When property cooling measures are lifted, everyone will rush to sell
Joseph Tsang seeks to diversify JLL's income sources to counter the decline in home prices in HK as a result of a series of austerity measures launched by the government to cool the market
Joseph Tsang, the managing director of JLL's Hong Kong office, has worked for the group for 30 years, having started his career in its industrial property department in 1984.
In 2010, Tsang was appointed head of capital markets to oversee sales in Hong Kong, and promoted to managing director of Jones Lang LaSalle Hong Kong a year later. He still heads capital markets, overseeing residential sales, investment sales and marketing, as well as the consultancy business in the city.
Tsang once worked under Chief Executive Leung Chun-ying during Leung's stint in JLL's Hong Kong office, formerly known as Jones Lang Wootton, between 1977 and 1993. But he does not share the view of his former boss on what the right policies are to regulate the city's property market.
How was business for JLL in Hong Kong last year, when the property market was seriously hit by the successive austerity measures?
The housing market has been hit by government measures since 2012, and the tougher measures last year dealt a further blow.
While the residential market was hit seriously with a plunge in sales volume, the profit from our business in Hong Kong reached a record high with an increase of 20 per cent. This was because we have a well-balanced business portfolio.
We have seen a significant increase in other businesses, such as property management and valuation. Sales of overseas properties also increased.
When the Residential Properties (First-hand Sales) Ordinance came into effect on April 29 last year, developers began to ask property consultants to handle their sales brochures. They also seek advice on sales strategies when the market is quiet.
As the market is unlikely to pick up in the near term, what is your strategy to increase the company's revenue?
We are looking at opportunities to generate revenue from the sale of international properties. The local market is quiet and so investors are looking for overseas opportunities. Meanwhile, we are thinking of how to take advantage of our online platform to enhance business. But no details can be unveiled at this stage.
You have witnessed the cycles of ups and downs in Hong Kong's property market. How would you describe this downturn?
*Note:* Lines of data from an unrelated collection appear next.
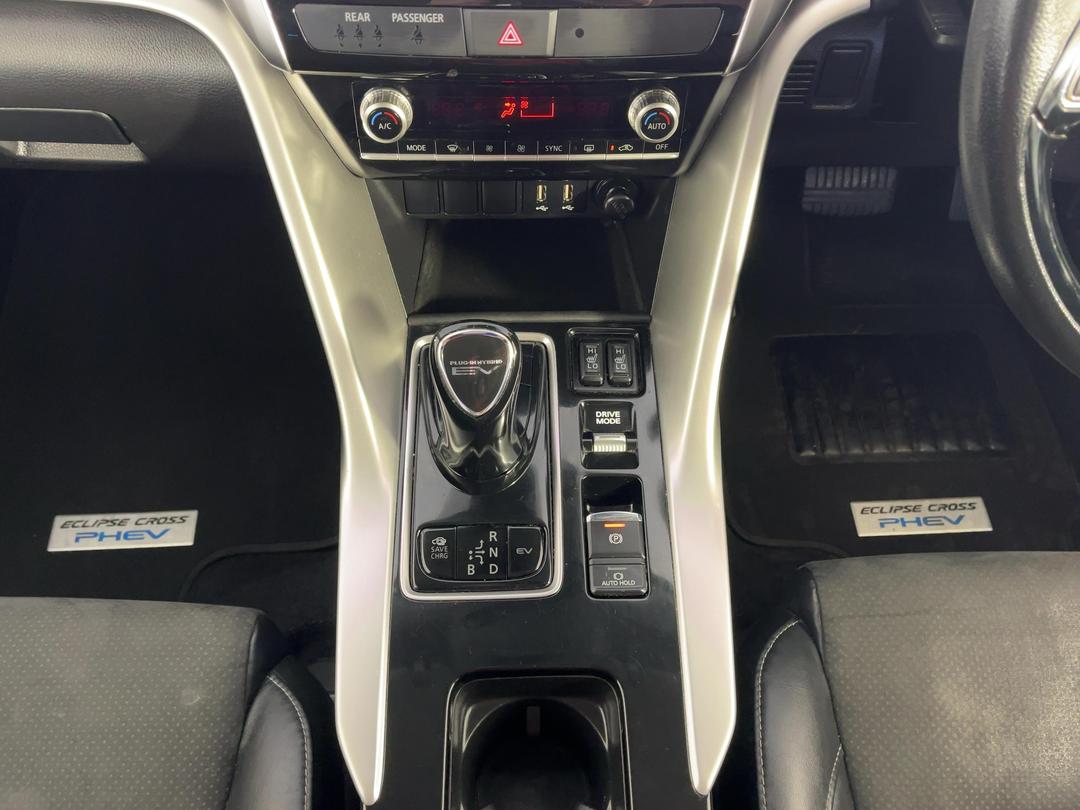 Photo '18' of Mitsubishi Eclipse Cross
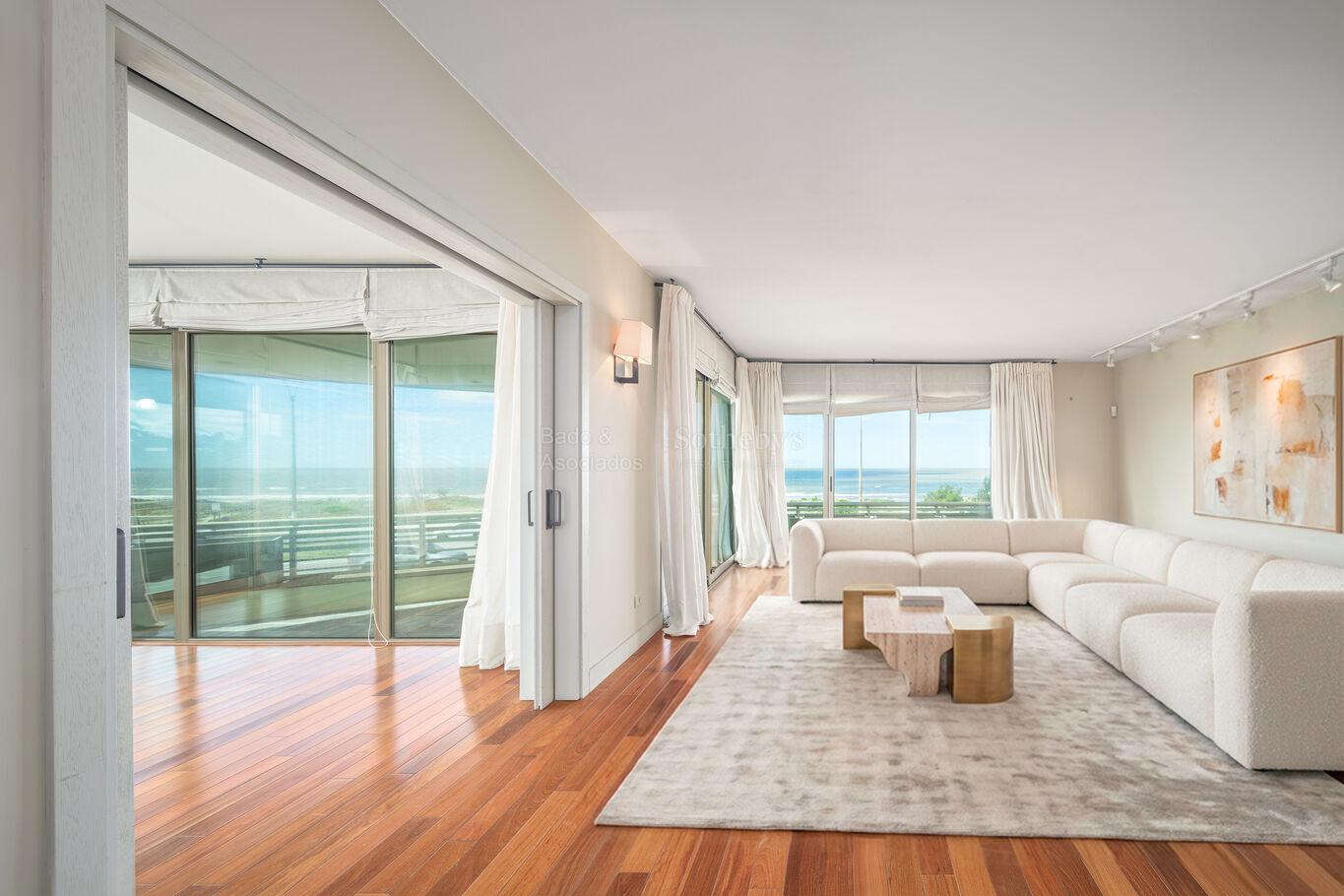 Apartamento moderno sobre la Rambla de Carrasco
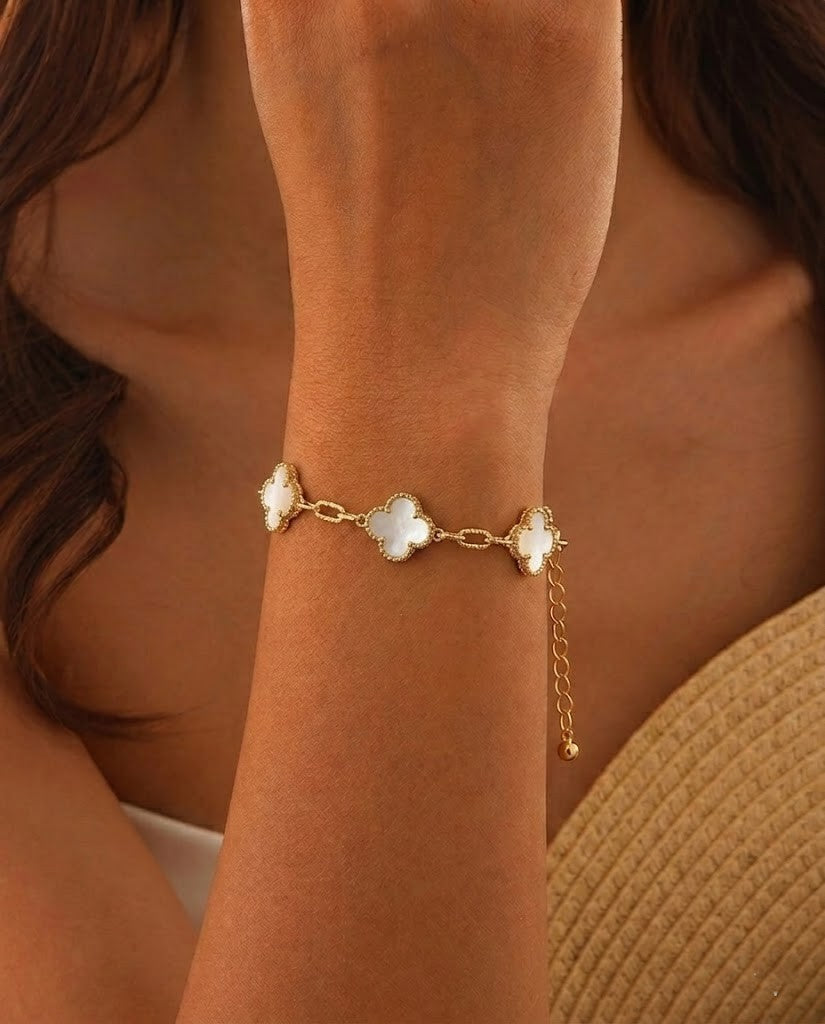 Ivory Clover Bracelet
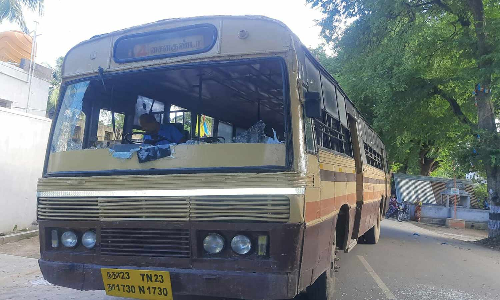 பஸ் மீது கல்வீசி தாக்குதல்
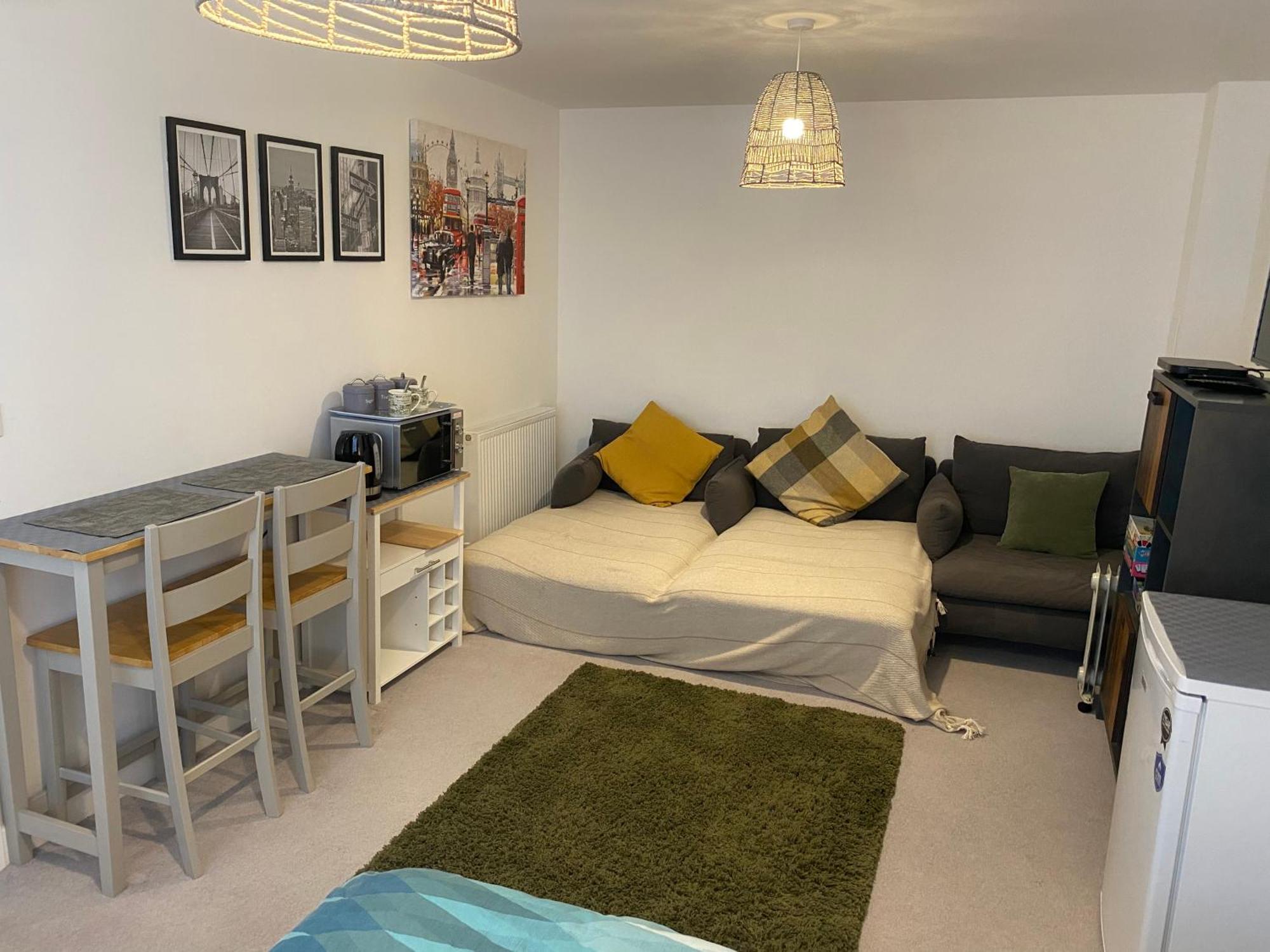 Very Large Double Room With Corner Sofa, Sky Tv, Netflix Etc, Fridge And Microwave Newhaven Exterior foto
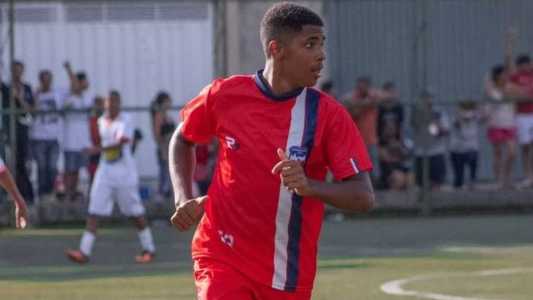 Vinicius Alves em campo com a camisa do Boston City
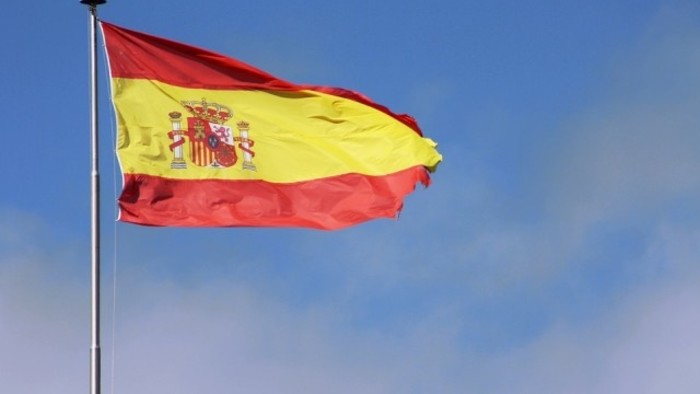 Kinek áll a zászló Spanyolországban?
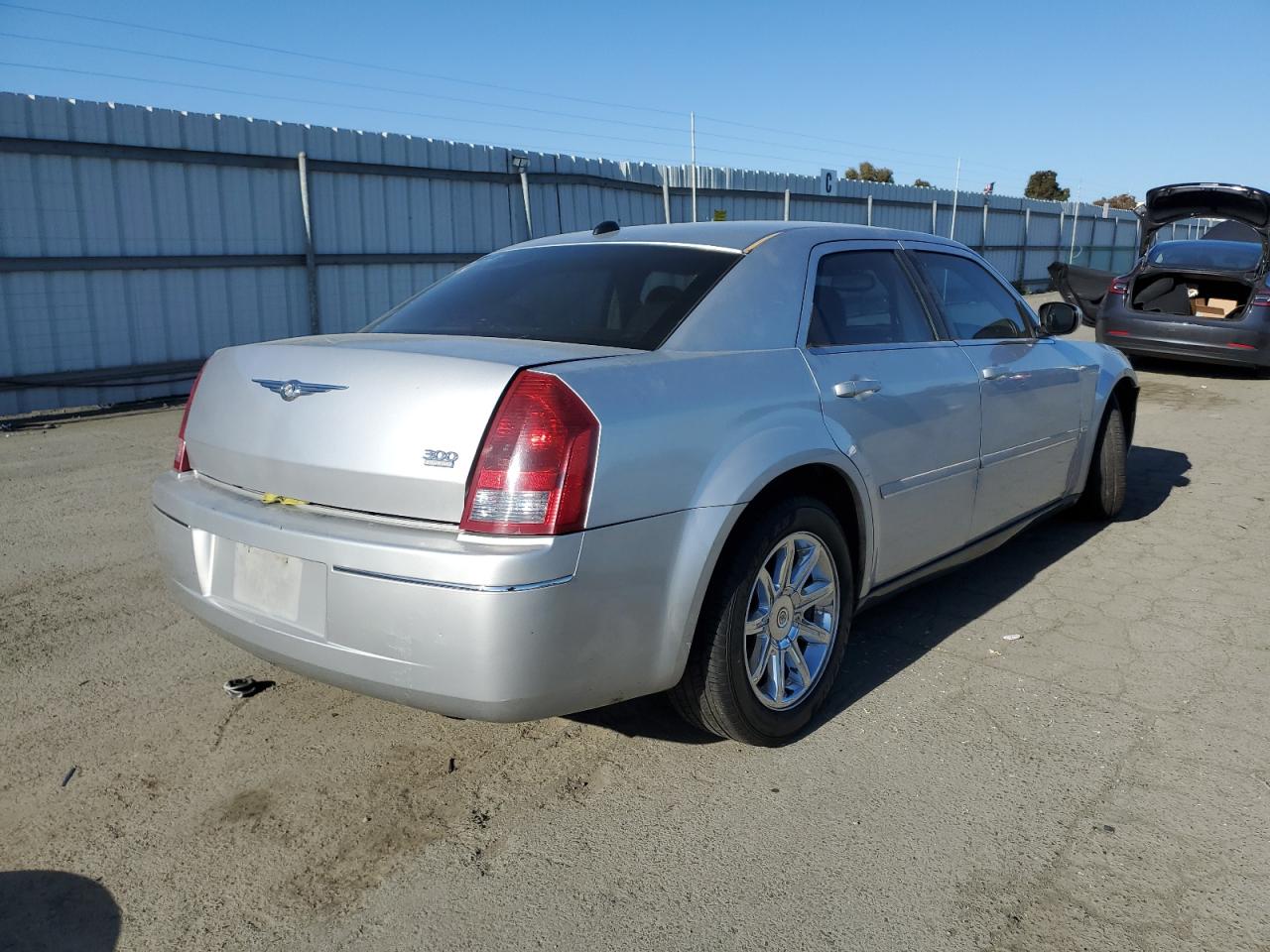 2C3AA53G75H594584 2005 Chrysler 300 Touring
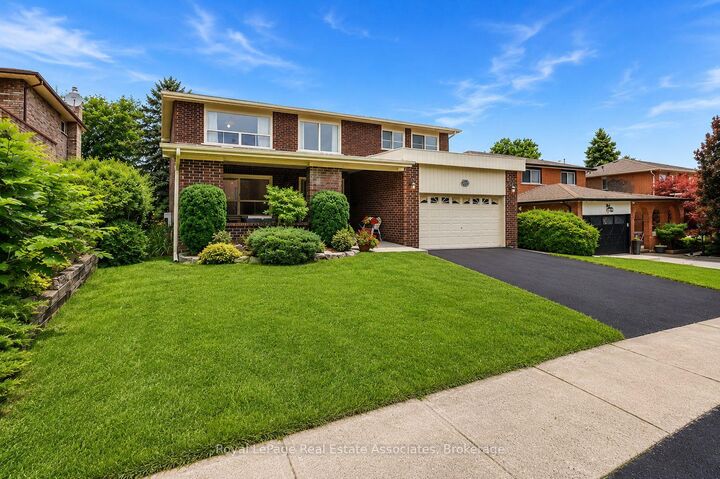Property Photo: 2529 Claymore Crescent ON L5C 3A2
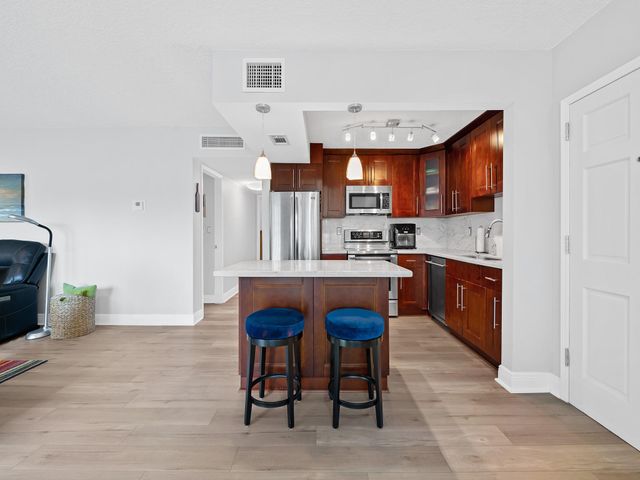 1839 Middle River Drive 105, Fort Lauderdale, FL 33305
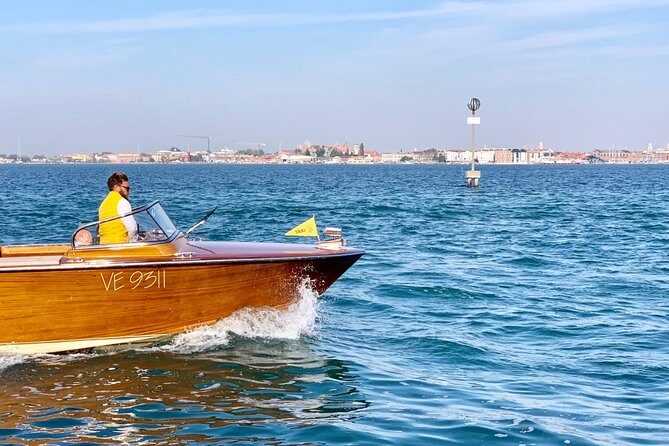 Private Transfer from Venice Airport to Hotel in Venice City Center - After you arrive: use the drop-off strategically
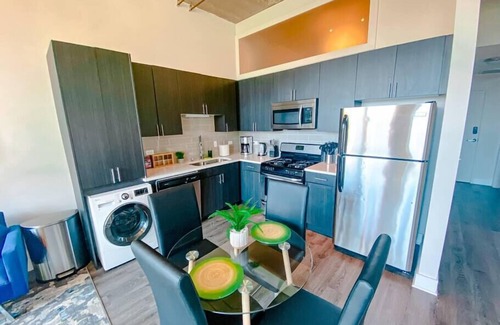 Near South Side Appartement | Modern 2b/2b family heaven with optional parking for up to 8 guests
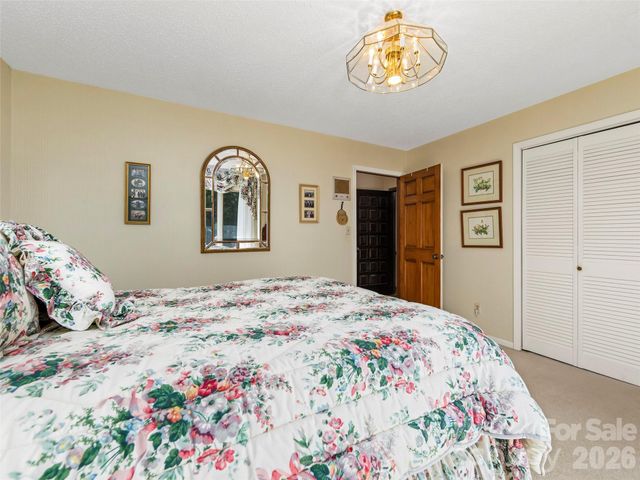69 Forest Road, Asheville, NC 28803
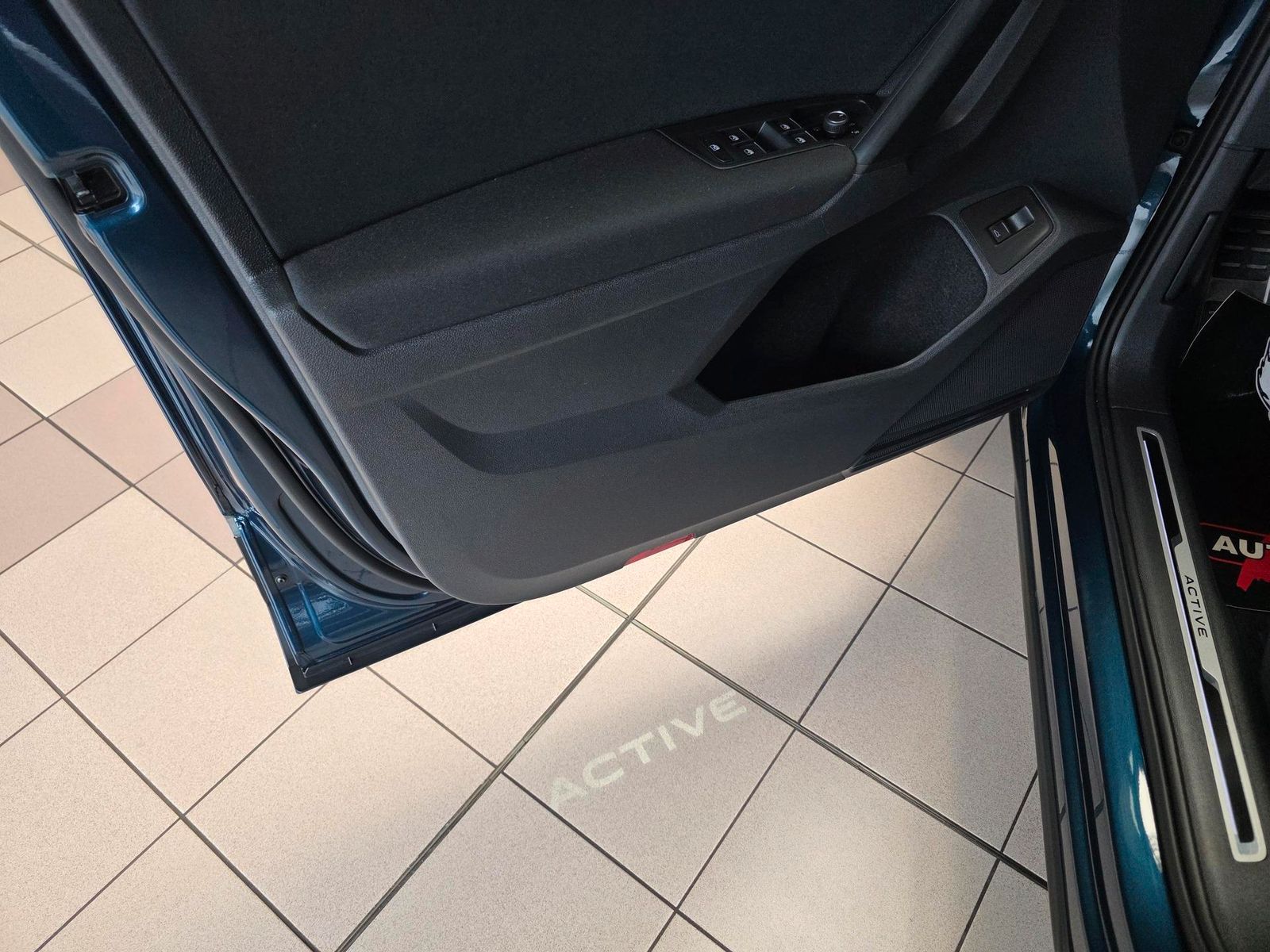 Fahrzeugabbildung Volkswagen Tiguan 1.5 DSG /Virtual/LED/Navi/Spur/FsHz/Ahk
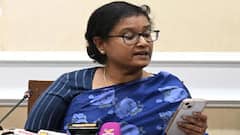 தமிழகத்தில் சுமார் 1 கோடி வாக்காளர்கள் நீக்கம்: உங்கள் பெயர் பட்டியலில் இருக்கிறதா? உடனே சரிபார்க்கவும்!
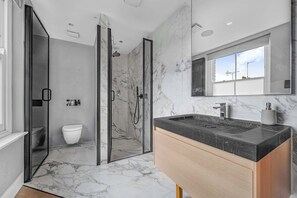 Douche, sèche-cheveux, shampoing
Hong Kong has experienced several property cycles, including the market crash during the 1997-98 Asian financial crisis and the market correction when the city was hit by Sars in 2003. It also experienced a downturn during the global financial crisis in 2008-09. They all dealt serious blows to the market. But it recovered quickly in most of these cycles.
However, this time is different because the downturn has been triggered by government policy. The blow is not as hard as that in the previous cycles as we do not see prices plunging in a short period of time. But the impact will be long-lasting. It will gradually affect the economy.
What is the impact of the policies on the market?
The government is playing the land supply card. It keeps putting land sites on the market to increase home supply. The immediate impact is a fall in land prices. This is because when construction costs keep going up, the only way developers see to sustain profits is to cut land prices. We will see land prices dropping at a rapid pace.
The growth in land supply will result in increased production of flats, which will come in the next two to three years at a time when interest rates are on the rise. As a result, home prices will decline sharply. By that time, the government may roll back the measures, but it will probably be too late to stop prices from falling.
With the existing measures, including the heavy stamp duties, sellers cannot easily dispose of their properties. Once the measures are removed, everyone will rush to sell, leading prices to drop rapidly.
It is like we all know the house is going to explode, but all the doors are closed. At the last minute, one door is opened and all rush to leave through that door. In the end, a tragedy occurs.
What is your view of the housing market in Hong Kong?
There is bound to be a downside. I expect home prices to drop 10 to 15 per cent this year and a further 10 to 15 per cent next year if the measures are not removed. If the government is prepared to remove its measures, it should do it right now.
Do you think the government plans to remove the measures?
Those measures are not expected to be taken away in the near future. Hong Kong has been politicised. Measures to cool the property market help boost the government's popularity.
It is not the right time to enter the market, is it?
It is not an advisable time to enter the market at all. Those who enter the market now should be prepared to see the value of their property falling. But some may want to buy now because they need a flat to live in.
How do you assess your own performance?
I am a modest person. I do not want to boast of my own achievements and neglect colleagues' contributions. I would say 'so far so good'.